At twice the cost of its predecessor Dr. No, the nearly $2 million budgeted From Russia with Love was the fuse that existed between Dr. No’s match and Goldfinger’s stick of dynamite, the explosion setting waves through cultural history for decads to come. The 1963 sophomore effort from producers Albert R. “Cubby” Broccoli and Harry Saltzman has an interesting place in Bond history: it’s one of the very few Bond films that is at once not married to the formula that Goldfinger solidified and but features several of those prototypical elements without diluting it as a kind of standalone film.
From Russia with Love was also the first film to actively and explicitly tap into the fears of audience members concerning Cold War tensions between the UK and the USSR. Bond hadn’t yet become an icon, a beacon of light antithetical to the assumed oppressive darkness of Communism, but Russia was the step that got him there.
What From Russia with Love perfects, as Broccoli would later say when deeming it his favorite Bnond film, is the formula it was developing almost as it went. The Bond girl, the “ludicrous” plot, the “gadget”, the villain, the henchmen. In comparison to the rest of the franchise. In comparison to the twenty-one plus films that would follow it, nothing feels too calculated nor too slapdash. There’s a self-awareness that isn’t winking (the poison tipped shoes) and a seriousness that acknowledges the ideological warfare at the center of the film’s text and subtext. The film opens with a chess game, almost nodding to Bobby Fischer’s battle on the “field” fighting similar ideological battles.
Maybe it’s unfair to call the plot of the film “ludicrous”; true, it’s Russia that seems the most tangibly real. Not merely the decoder machine part, but the political ramification and implications of what will happen. More than any Bond films, until Skyfall, the threat transcends the comic book nature of most of other villains’ goals as well as the solely ideological aspects. If the point of James Bond as a character, and even more, as a stand in for all that is Right and Just, is to save the world from dustrction when it hangs precariously, then it is in this that it feels the most effective and affecting.
Its most memorable fight scene is the culmination of this warfare, the political context of the film manifesting as two bodies fumbling around on the Orient Express. Bond (Sean Connery) and Red Grant (Robert Shaw) fight hand to hand, both illustrated as, shall we say, the poster boys for their political perspectives. Both unseemly in their attractiveness, Connery is comparably slighter, the film positioning him, and Britain’s political values, as underdog against the statue-like iron fist of the USSR’s Communist ideals. He’s an Adonis, tough like a cinderblock wall. He’s sly where Bond is unsubtle. The film’s pre-title sequence has Red Grant killing a Bond lookalike for training, a testament to the USSR’s dedication to bringing down Britain’s more liberal ideals.
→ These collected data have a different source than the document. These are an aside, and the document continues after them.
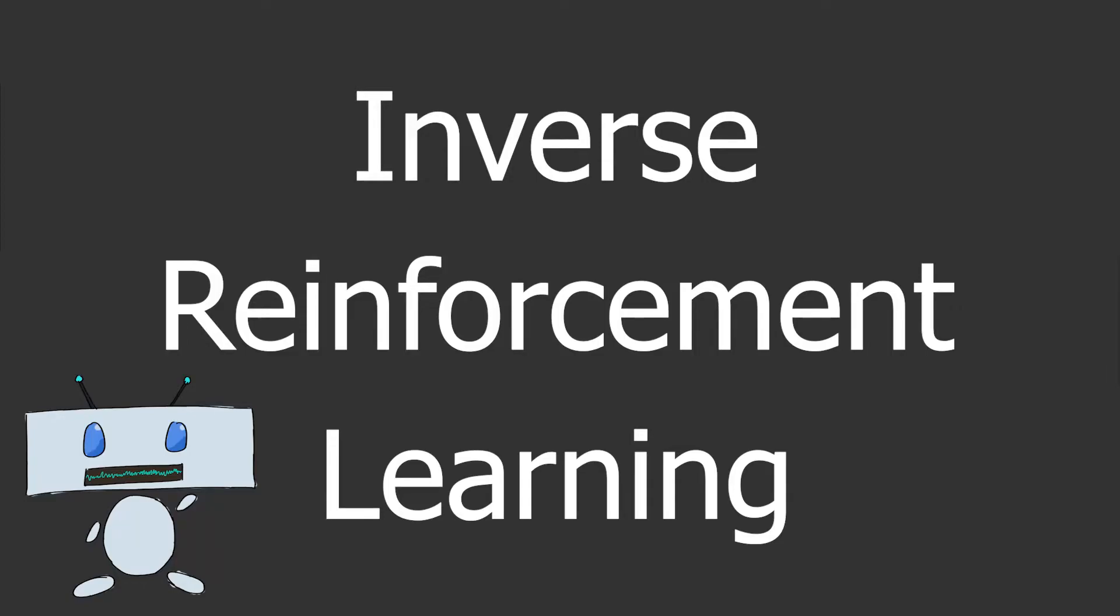Hello everyone and welcome to the channel where today we are going to take a look at inverse reinforcement learning, or IRL for short.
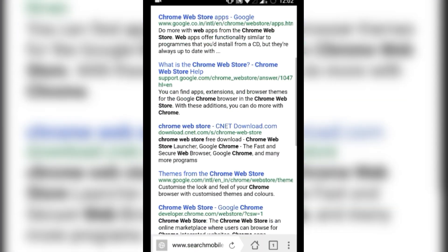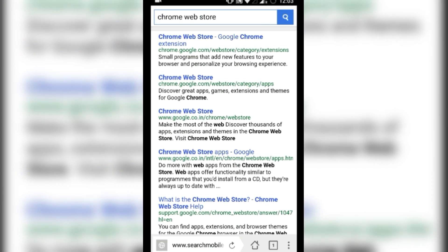It is taking a little time to load. Now I have searched for Chrome Web Store. Open Chrome Web Store.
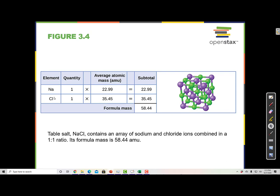Since we're being technical, we can't call it a molecular mass because this compound has no molecules — it just has a series of ions stuck together.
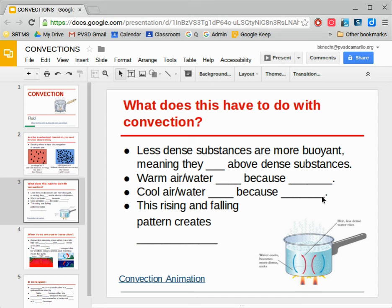So what does all this have to do with convection? Why are we talking about penguins? Why are we talking about molecules and whether they're all close together and dense or spread apart? Well, actually, this is very important and connects to everything that happens on our Earth.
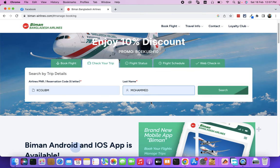Then, we can click it. Put the first name. Last name is Mohamad, then search.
And, again, on a train, where political motivation, origin, and execution are moving at speed that neither Bond nor Red Grant can actually keep up with. It would be 32 years later when the new head of MI6 (Judi Dench) would call 007 a “relic of the Cold War”. From Russia with Love doesn’t necessarily confront that idea of the ever changing and evolving world of politics and ideology, but it acknowledges those things tacitly. The purple light illuminating the otherwise dark cabin is like a mix of the blue in the Union Jack and the red of the Flag of the Soviet Union. They blend together perilously, as the world’s (political) fate hangs in the balance.
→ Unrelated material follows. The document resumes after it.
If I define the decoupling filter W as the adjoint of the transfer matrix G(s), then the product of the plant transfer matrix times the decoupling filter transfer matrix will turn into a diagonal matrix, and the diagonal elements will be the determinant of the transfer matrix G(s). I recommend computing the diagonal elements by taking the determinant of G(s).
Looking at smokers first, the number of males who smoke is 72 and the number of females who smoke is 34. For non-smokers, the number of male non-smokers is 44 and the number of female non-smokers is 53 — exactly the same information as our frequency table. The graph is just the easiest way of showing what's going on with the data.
James Bond would spend the majority of the rest of his career rarely approaching political tensions as explicitly as in From Russia with Love. Sociopolitical subtext certainly exists throughout the series’ entries, such as the evolving treatment of race in the US in Live and Let Die and the role of the media in spinning stories in Tomorrow Never Dies, but the geopolitical weight of the UK and the USSR is broached with reticence up until 1995’s GoldenEye, where Pierce Brosnan’s Bond encounters the ghosts of those remaining fraught relationships. Despite this, the Cold War in the back of everyone’s mind is what sustained the relevance of James Bond for decades, even in passing and even in the faintest way. It isn’t totally the formula that’s responsible for Bond’s longevity as a cinematic action hero; it’s the idea of Bond as antithesis to ideological or political danger that does. What we now broadly label as terrorism has seeped into social consciousness through our media, Craig’s Bond is returning to a point where formula matters less than existing as an icon. And with each passing film – Casino Royale, Quantum of Solace, Skyfall, and now SPECTRE—Bond will have to continue to justify his relevance where a hand to hand battle with the (political/ideological) enemy is no longer an option.